Enviada em 02/05/2020

O filósofo Sócrates ficou conhecido por pregar a máxima “conhece-te a ti mesmo”. Seguindo essa premissa, ele aplicava a maiêutica, método que consistia em fazer os próprios indivíduos buscarem as respostas que procuravam através de questionamentos, o que era um grande exercício de autoconhecimento. Depois de séculos, nos dias de hoje, tal comportamento está obsoleto, visto que a internet oferece grande parte das respostas que as pessoas buscam. No entanto, a submissão à ferramenta digital gera efeitos preocupantes como a manipulação e o surgimento de doenças mentais, sendo, por isso, imprescindível o resgate dos princípios socráticos.

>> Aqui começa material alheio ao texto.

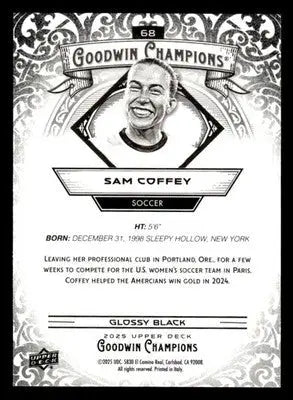 2025 Upper Deck Goodwin Champions #68 Sam Coffey Glossy Black - Soccer Card Single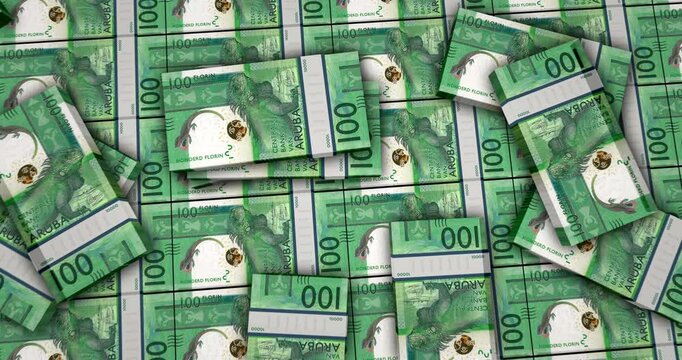 Aruba money Aruban florin banknotes 3d animation. 100 AWG packs concept of inflation, economy, crisis, business, banking, debt and finance.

A princípio, é preciso destacar que a lacuna deixada pela falta de autoconhecimento é preenchida pela manipulação midiática. Nesse sentido, o conceito de Indústria Cultural, do sociólogo Adorno, aponta que a mídia impõe maneiras de agir que moldam o comportamento de massa. Por conseguinte, os indivíduos passam a fazer exatamente o que as grandes indústrias ditam, como comprar itens sem refletir sobre a real necessidade de tê-los ou consumir produtos apenas porque estão na moda. Depreende-se, então, que a autonomia individual cede lugar aos interesses mercadológicos, o que torna necessário uma intervenção educacional que estimule os jovens a se conhecerem e a entenderem seus desejos para não se tornarem alvos fáceis da manipulação.

Somado a isso, convém observar que a exposição nas redes sociais contribui para a falta de conhecimento em si mesmo. Com efeito, o escritor Machado de Assis, em seu conto “O espelho”, expõe o conceito de “alma externa”, que é a persona que o ser humano cria para ser perante os demais. Dessa forma, a exposição dessa “alma externa” na internet faz os indivíduos se perderem nas representações que eles criam, o que traz como consequência sentimentos de angústia e quadros graves de ansiedade. Tal aspecto é comprovado pela Organização Mundial de Saúde, que já classificou os tempos atuais como a época de maior incidência de patologias psicológicas. Infere-se, pois, que o autoconhecimento é uma forma eficiente de se proteger contra a exposição nociva das redes.

Fica claro, portanto, que existem efeitos negativos da falta de conhecimento em si mesmo. Por conta disso, o Ministério da Educação deve incluir um projeto psicopedagógico na grade curricular que desenvolva a autonomia das crianças. Isso pode ser feito mediante oficinas contendo dinâmicas de grupo conduzidas por psicólogos que incitem os estudantes a descobrirem sua personalidade e instiguem o senso crítico deles, com vistas a desenvolver o conhecimento intrínseco de cada um e a torná-los autossuficientes em suas próprias ações. Assim, os ideais pregados por Sócrates serão resgatados e a consciência interior não será negligenciada.